O estudante de Engenharia Civil André Rodrigues perguntou sobre como o Júri é formado. O magistrado relatou as diferentes fases do processo de escolha, que se inicia com a solicitação de indicação de nomes por ofício encaminhado a diversos órgãos e instituições. Em Novo Hamburgo temos uma lista neste ano com mais de mil integrantes, informou. Há situações que o Promotor ou o Advogado não aceitam determinado nome por alguma vinculação possível a algum dos réus ou às vítimas.

Ellen questionou se em casos muito comentados na imprensa, o jurado é influenciado. O Juiz André comentou que não há o que fazer, considerando que existe liberdade de imprensa, a não ser pedir aos jurados para que escutem com atenção e isenção os argumentos da acusação e da defesa.

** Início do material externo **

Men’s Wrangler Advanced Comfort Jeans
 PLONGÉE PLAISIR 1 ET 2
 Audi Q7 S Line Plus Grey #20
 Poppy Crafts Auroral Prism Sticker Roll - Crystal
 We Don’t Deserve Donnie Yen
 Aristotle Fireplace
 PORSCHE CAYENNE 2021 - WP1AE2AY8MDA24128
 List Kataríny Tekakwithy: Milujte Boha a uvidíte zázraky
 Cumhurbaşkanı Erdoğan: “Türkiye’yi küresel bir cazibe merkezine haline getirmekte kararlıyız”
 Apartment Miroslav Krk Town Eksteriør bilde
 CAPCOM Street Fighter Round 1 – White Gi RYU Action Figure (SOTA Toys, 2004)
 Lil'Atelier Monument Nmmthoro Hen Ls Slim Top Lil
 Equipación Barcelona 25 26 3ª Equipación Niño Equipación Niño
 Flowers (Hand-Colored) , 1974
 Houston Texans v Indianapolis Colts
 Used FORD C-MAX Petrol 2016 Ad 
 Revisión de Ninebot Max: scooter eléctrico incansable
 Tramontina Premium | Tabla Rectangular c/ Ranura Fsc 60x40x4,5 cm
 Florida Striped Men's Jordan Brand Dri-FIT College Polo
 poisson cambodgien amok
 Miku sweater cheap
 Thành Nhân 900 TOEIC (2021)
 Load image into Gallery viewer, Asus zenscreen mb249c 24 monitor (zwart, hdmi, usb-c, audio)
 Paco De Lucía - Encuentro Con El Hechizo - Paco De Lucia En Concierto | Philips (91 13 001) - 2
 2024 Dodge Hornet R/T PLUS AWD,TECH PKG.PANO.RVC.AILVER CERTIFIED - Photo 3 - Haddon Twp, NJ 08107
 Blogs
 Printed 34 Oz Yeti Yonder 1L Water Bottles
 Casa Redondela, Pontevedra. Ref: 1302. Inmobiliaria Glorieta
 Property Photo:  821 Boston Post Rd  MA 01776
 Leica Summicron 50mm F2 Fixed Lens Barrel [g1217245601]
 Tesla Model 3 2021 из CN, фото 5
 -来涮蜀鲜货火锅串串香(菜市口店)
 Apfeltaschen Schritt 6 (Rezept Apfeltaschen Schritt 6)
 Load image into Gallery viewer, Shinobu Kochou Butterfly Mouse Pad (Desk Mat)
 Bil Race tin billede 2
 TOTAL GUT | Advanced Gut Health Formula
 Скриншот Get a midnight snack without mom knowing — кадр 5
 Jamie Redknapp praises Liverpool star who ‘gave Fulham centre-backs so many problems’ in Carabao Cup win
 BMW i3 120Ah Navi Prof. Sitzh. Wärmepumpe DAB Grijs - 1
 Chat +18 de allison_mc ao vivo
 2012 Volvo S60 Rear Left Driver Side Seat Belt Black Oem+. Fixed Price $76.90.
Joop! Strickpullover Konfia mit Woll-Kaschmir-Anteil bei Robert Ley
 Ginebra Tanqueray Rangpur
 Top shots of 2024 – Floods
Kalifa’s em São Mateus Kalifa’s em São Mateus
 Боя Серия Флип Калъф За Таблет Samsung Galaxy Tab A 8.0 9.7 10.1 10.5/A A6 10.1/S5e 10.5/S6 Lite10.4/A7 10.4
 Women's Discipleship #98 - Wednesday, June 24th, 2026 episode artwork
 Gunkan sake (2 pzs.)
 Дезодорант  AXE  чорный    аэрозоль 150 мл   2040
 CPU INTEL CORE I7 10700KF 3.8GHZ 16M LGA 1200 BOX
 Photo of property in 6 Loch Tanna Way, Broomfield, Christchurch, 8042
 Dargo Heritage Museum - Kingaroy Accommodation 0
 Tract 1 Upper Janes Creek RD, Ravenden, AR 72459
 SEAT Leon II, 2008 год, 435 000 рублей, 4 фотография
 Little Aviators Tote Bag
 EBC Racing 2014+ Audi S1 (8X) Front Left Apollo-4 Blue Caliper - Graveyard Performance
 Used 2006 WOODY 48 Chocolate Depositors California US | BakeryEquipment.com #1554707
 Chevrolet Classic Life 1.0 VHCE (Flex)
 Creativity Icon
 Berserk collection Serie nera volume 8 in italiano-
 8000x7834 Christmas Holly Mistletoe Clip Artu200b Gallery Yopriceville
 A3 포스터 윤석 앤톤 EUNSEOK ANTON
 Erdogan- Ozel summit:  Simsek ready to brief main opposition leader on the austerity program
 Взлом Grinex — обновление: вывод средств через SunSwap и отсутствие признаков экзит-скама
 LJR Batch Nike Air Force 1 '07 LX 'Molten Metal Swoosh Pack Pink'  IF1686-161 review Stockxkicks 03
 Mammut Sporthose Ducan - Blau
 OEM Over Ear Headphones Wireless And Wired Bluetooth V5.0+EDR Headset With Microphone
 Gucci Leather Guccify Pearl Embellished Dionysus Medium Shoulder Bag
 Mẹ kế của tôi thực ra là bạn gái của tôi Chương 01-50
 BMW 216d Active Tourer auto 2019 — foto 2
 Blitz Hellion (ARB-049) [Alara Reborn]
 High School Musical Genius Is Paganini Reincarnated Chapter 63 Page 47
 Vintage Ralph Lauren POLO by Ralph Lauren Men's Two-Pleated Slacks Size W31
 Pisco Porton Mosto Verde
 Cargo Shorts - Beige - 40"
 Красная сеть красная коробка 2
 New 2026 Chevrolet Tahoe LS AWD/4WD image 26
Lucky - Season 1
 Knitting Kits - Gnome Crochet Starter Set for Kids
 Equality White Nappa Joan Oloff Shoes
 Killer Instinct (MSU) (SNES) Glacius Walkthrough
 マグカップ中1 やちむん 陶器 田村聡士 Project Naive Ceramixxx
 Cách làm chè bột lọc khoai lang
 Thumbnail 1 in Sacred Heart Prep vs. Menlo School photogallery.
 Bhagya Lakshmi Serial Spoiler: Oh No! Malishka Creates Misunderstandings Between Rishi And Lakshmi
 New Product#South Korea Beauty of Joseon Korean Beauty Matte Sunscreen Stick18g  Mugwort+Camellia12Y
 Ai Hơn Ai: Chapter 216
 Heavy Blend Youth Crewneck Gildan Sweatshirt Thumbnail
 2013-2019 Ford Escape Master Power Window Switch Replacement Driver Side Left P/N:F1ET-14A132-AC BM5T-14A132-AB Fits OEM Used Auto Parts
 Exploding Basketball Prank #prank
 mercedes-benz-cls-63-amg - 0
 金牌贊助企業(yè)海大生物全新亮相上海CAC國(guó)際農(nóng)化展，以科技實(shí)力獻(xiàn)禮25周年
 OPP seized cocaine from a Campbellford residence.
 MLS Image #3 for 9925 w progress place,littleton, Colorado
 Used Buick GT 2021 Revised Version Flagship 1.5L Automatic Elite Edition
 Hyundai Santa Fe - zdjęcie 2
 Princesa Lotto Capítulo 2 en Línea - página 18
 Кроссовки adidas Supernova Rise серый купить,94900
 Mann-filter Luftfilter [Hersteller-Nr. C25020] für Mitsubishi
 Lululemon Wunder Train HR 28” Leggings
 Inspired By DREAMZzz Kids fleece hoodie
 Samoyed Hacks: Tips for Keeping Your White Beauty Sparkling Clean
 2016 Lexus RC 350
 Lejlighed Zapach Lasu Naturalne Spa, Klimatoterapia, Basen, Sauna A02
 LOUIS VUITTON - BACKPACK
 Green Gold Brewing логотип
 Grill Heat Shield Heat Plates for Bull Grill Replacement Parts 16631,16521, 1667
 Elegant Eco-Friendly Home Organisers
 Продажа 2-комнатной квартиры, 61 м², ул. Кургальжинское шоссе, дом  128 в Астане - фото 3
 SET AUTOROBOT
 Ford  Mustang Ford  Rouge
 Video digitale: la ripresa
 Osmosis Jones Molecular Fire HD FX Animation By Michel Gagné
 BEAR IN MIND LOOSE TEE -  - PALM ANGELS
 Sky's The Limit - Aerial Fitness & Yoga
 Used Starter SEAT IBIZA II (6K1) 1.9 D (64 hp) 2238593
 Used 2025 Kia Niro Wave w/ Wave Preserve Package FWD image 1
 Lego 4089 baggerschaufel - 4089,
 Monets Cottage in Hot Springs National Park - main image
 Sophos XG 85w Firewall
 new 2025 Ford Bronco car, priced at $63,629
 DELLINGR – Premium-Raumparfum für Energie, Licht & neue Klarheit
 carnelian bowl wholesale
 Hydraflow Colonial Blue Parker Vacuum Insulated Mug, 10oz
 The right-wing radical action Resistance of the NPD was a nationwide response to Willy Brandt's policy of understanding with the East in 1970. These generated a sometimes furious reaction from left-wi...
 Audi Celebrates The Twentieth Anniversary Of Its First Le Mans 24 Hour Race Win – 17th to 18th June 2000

Ao final do evento, o Juiz convidou os presentes para assistirem aos Júris que realiza em Novo Hamburgo. A Juíza Cleciana Guarda Lara Pech, de Porto Alegre, acompanhou a exposição do magistrado André.

Domingo

Neste domingo, na Casa do Judiciário na Expointer, o Encontro com o Judiciário será com a Juíza-Corregedora Ana Cláudia Cachapuz Silva Raabe que vai falar sobre os Juizados Especiais. A atividade será iniciada às 15h e é realizada para livre presença do público interessado em conversar diretamente com o Juiz e tirar algumas dúvidas sobre o funcionamento do Poder Judiciário.

A Casa do Judiciário está localizada no Pavilhão Internacional, Quadra 24, lote 7, próximo à Praça Central.

Justiça Criminal imediata

Um Juizado Especial Criminal foi instalado pela primeira vez dentro das instalações da Expointer para atender imediatamente os casos ocorridos de infrações de menor potencial ofensivo. A Pretora Uiara de Castilho dos Reis, de Esteio, preside as audiências desde o último fim de semana. A magistrada, acompanhada de duas assessoras, Roberta Bertoletti de Oliveira e Débora Rocha, praticamente se mudaram para as instalações do Juizado e aguardam grande movimento nas últimas horas da Expointer. Neste sábado, as audiências devem ir até tarde da noite. Domingo, último dia, as audiências recomeçarão às 17horas, auge da presença de milhares de pessoas em Esteio.

Os termos circunstanciados e registros das ocorrências estão sendo levados ao Juizado pela Brigada Militar, e, em menor número, pela Polícia Civil. Já quando do atendimento, as audiências são marcadas e as partes intimadas ao comparecimento. Das audiências participam, além os representantes, da Promotoria de Justiça e da Defensoria Pública.